コロナ禍において、実践を伴う講座の開催は困難です。リモートで座学主体の講座という選択肢もありますが、体験してこそ理解が深まるテーマもあります。当財団スタッフを対象に行った今回の白杖講座もそうでした。視覚に障害のある方が世界をどう捉えているかを知るには、自ら体験してみないと理解に近づけません。
参加者同様に講師も外から招かず自前で行った今回、進行を考えるうえで気にかけたのは、白杖体験を恐怖体験にしないことでした。もしただの恐怖体験に終わったら、当事者に対して「可哀そう」という感情を抱く可能性があります。可哀そうだから「助けてあげる」という間違った結論に至らないよう、3つのステップで講座を進めることにしました。
■ステップ1 視覚情報の重要さを知る
集合してすぐに白杖歩行を行いました。クロックポジションを用いた誘導方法を説明した後に、白杖役と誘導役の二人一組を作ります。歩くコースは大ホール2階席ロビーの端から端まで。
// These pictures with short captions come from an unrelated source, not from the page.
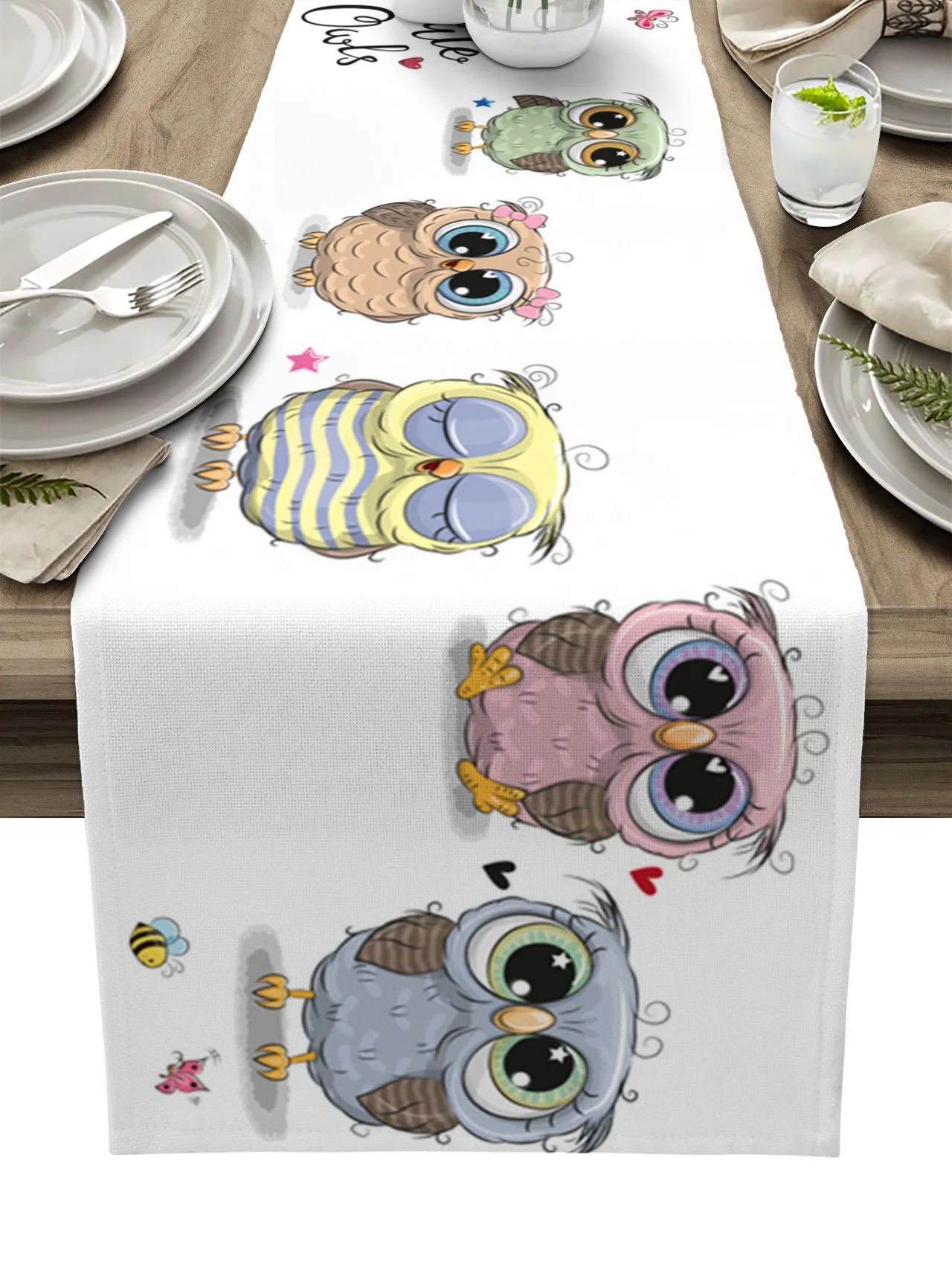 

Дорожка для стола с рисунком совы, бабочки, искусственная скатерть, хлопковые льняные скатерти для свадьбы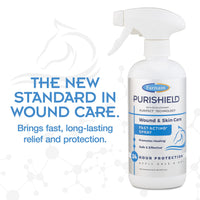 Thumbnail for Farnam Purishield Wound & Skin Fast Acting Spray, All-purpose cleaner with 24 hour protection promotes healing and skin repair for horses, dogs, cats and livestock, 16 Ounces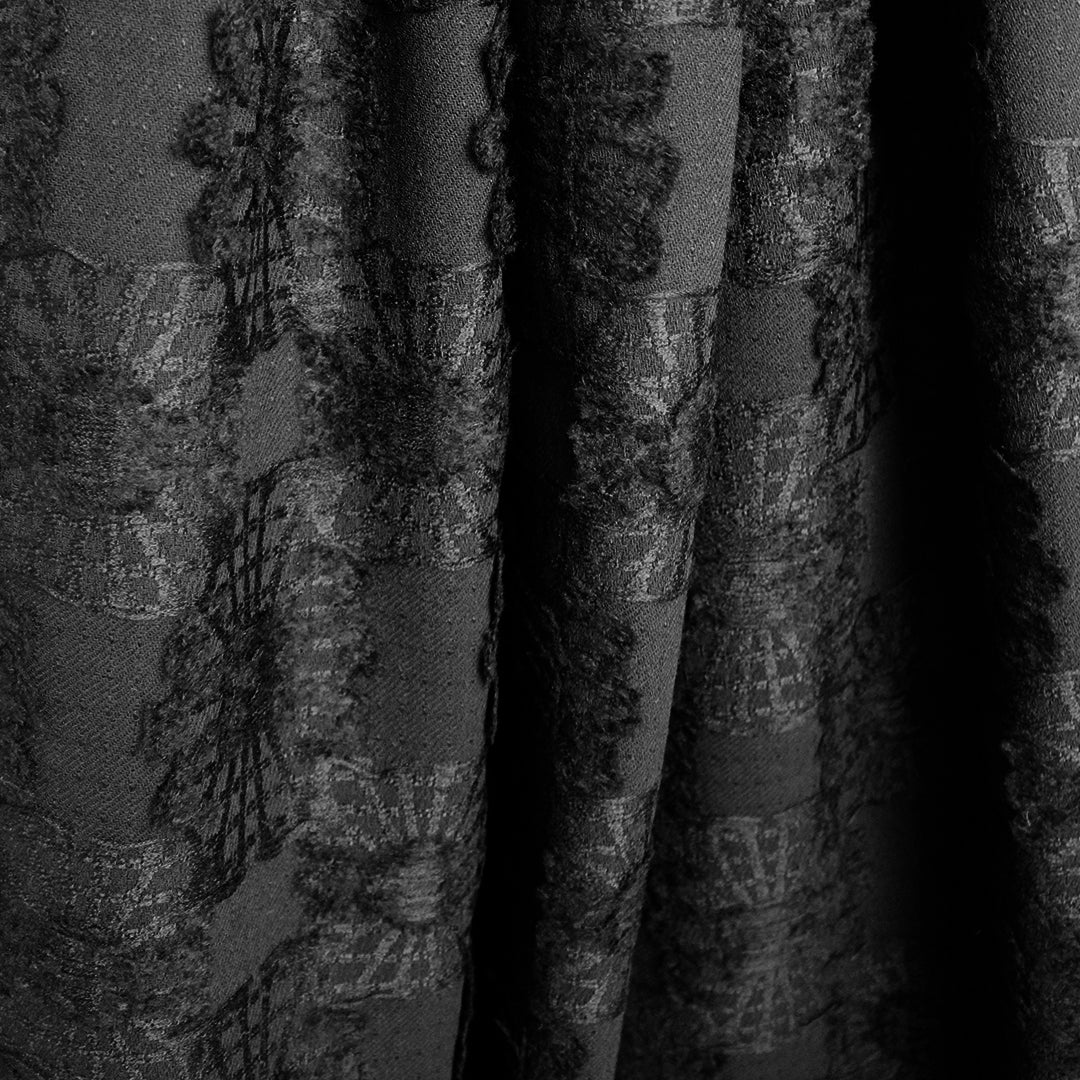 French all wool novelty textured motif woven suiting/coating 2 yd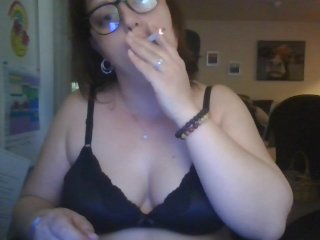 Sexy Brunette Watching Own Porn, Smoking And Masturbating!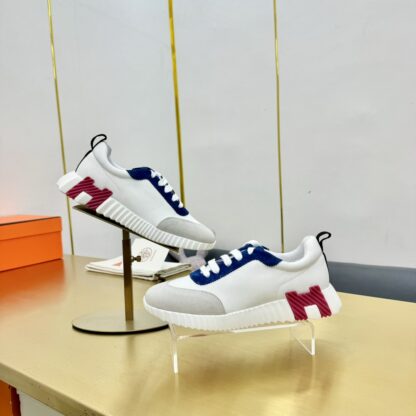 Hermes Spring and Summer Couples British Gray Blue and White Color Matching Sports Casual Shoes - Image 8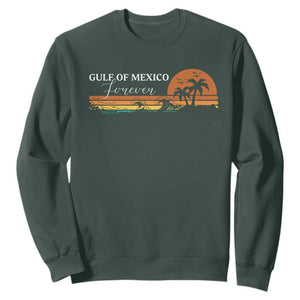 Gulf Of Mexico Forever Sweatshirt Beach Palm Treen Vintage Retro TS11 Dark Forest Green Print Your Wear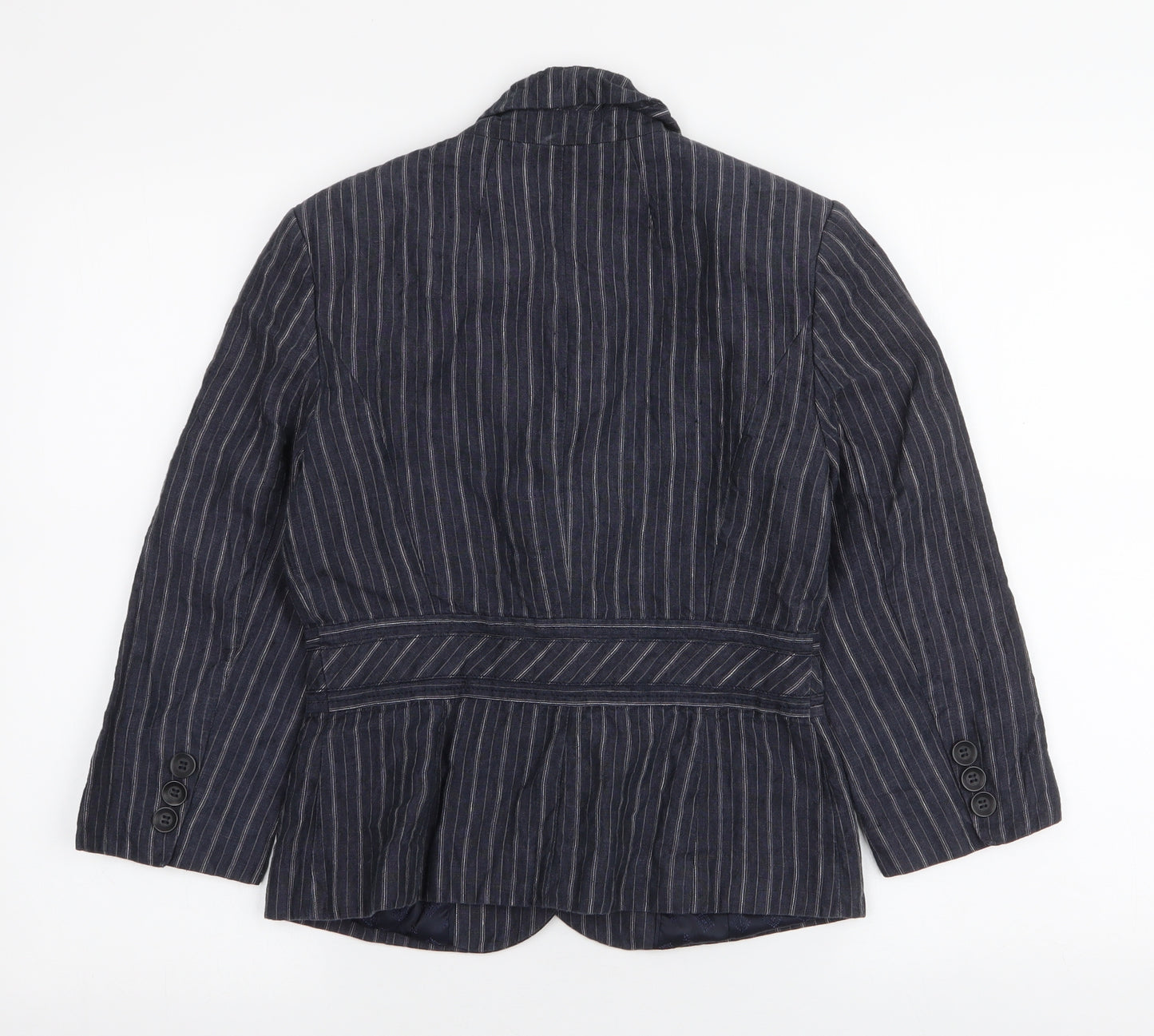 NEXT Womens Blue Striped  Jacket Blazer Size 10  Button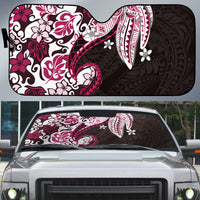 Monstera Plumeria Flowers Pink Auto Sun Shade Polynesian Pattern LT01 Pink - Polynesian Pride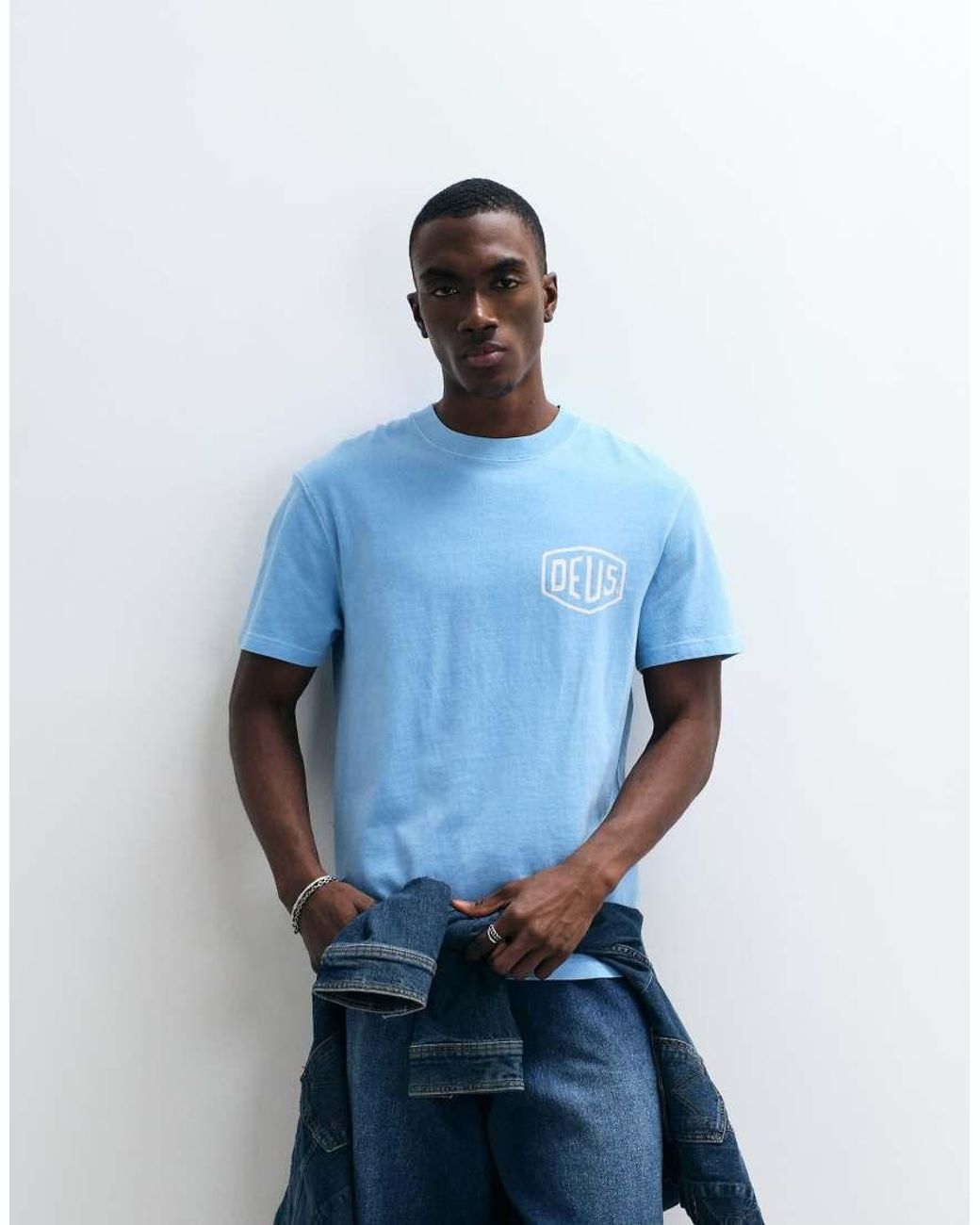Deus Ex Machina Blue Shield Garment Dyed T-shirt for men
途中に障害物はなく、隣には誘導役も付いていて、不安を感じる要素は何もないはずでした。でもいざスタートの号令をかけると、多くの参加者が動けなくなりました。
見えない状態で歩き始める瞬間に感じる不安は、本人の予想を大きく上回ります。頭では安全だと分かっていても、目で見て確認しない限り不安は消えません。人がいかに視覚情報に依存して生活しているかを、最初のステップで体験しました。
■ステップ2 視覚に頼らない世界の存在
歩行体験の後は、視覚障害についての基礎的な知識をざっと学びました。視覚障害の定義と種類、見えないと見えにくいの違い、国や組織によって異なる障害レベル認定と配慮義務...などです。
続いて今回のメインである、視覚以外の感覚器官による情報採集と活用へ移ります。具体的には、聴覚、触覚、嗅覚から得た情報と、それを頭の中で統合して地図化するプロセスのことです。当事者の方は、何も描かれていない頭の中の地図に、音響式信号機や点字ブロック、そしてコンビニの扉のチャイム音やマクドナルドのポテトの匂いといった、思わぬ手がかりを描き込んで一本の道を作り上げます。その例を、県民ホールHPからリンクしている「ことばの道案内」を読み上げながら検証しました。
語弊のある言い方かもしれませんが、見えない世界への好奇心と、見える人とは違う感覚器官で世界を把握する人たちへの関心を持ってもらうことを、ここでの目的としました。
■ステップ3 見えない世界を歩く
最初の不安が徐々に好奇心へと変わったところで、再び白杖歩行の時間です。今度のコースは2階の事務所入り口前から、正面玄関経由で外階段までに変えました。このコースには幾つか環境の変化が用意されています。事務所前の狭い空間から天井の高い吹き抜け空間にさしかかると、床をたたく白杖の反響音が変わり、頬に触れる空気の質感も変わります。外へ向かう扉の前ではエアカーテンが勢いよく風を吹き出し、風除室内では気圧の変化を実感します。外へ出れば点字ブロックがあり、誘導ブロックと警告ブロックの踏み心地が違います。これら普段は全く意識せずにやり過ごしていた情報は、ステップ2を経た参加者にとって重要なシグナルに変わります。センサーを全開にして歩く参加者の姿は、ステップ1の不安に満ちたそれとは大違いでした。
こうして、90分ほどの短い講座が終了しました。後日参加者から話を聞くと、駅のホームでは音サインに耳をそばだて、点字ブロックと見れば踏まずにいられない体質になったそうです。関心を持つことが理解への第一歩だとすれば、その入口は開けたのではないでしょうか。